Listed records:
--- --- ---

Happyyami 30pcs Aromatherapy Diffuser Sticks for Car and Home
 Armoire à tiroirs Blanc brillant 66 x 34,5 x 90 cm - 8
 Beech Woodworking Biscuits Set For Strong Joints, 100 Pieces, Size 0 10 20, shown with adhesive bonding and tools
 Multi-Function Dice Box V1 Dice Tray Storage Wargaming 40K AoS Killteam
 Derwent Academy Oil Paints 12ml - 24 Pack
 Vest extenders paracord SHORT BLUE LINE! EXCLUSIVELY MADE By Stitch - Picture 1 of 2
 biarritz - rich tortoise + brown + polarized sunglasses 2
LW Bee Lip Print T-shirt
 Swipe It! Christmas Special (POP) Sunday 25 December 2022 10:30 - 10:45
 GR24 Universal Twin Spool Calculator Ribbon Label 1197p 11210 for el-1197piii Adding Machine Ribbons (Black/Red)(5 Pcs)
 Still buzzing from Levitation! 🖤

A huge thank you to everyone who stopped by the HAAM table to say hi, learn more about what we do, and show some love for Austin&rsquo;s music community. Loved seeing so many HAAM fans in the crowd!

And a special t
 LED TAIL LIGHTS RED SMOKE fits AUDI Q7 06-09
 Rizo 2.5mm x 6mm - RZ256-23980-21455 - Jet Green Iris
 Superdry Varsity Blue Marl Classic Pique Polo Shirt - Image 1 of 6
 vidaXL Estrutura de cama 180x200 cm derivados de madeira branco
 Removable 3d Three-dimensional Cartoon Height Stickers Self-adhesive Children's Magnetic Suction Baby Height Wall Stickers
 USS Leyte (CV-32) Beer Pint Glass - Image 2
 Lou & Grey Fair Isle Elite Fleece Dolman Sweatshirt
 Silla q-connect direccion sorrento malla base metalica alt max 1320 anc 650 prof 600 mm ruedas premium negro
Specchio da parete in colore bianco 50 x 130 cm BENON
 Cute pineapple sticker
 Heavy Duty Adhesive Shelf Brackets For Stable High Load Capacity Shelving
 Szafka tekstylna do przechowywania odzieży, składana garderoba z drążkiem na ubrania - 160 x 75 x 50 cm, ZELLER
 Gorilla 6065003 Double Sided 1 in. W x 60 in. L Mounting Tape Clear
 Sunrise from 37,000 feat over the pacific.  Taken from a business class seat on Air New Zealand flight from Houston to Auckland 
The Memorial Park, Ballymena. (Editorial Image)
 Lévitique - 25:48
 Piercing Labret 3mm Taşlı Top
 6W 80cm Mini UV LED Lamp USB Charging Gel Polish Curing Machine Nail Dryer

--- --- ---

Activity: Where a line above holds the word "from", copy it.

Result of the exercise:
 Still buzzing from Levitation! 🖤
 Sunrise from 37,000 feat over the pacific.  Taken from a business class seat on Air New Zealand flight from Houston to Auckland 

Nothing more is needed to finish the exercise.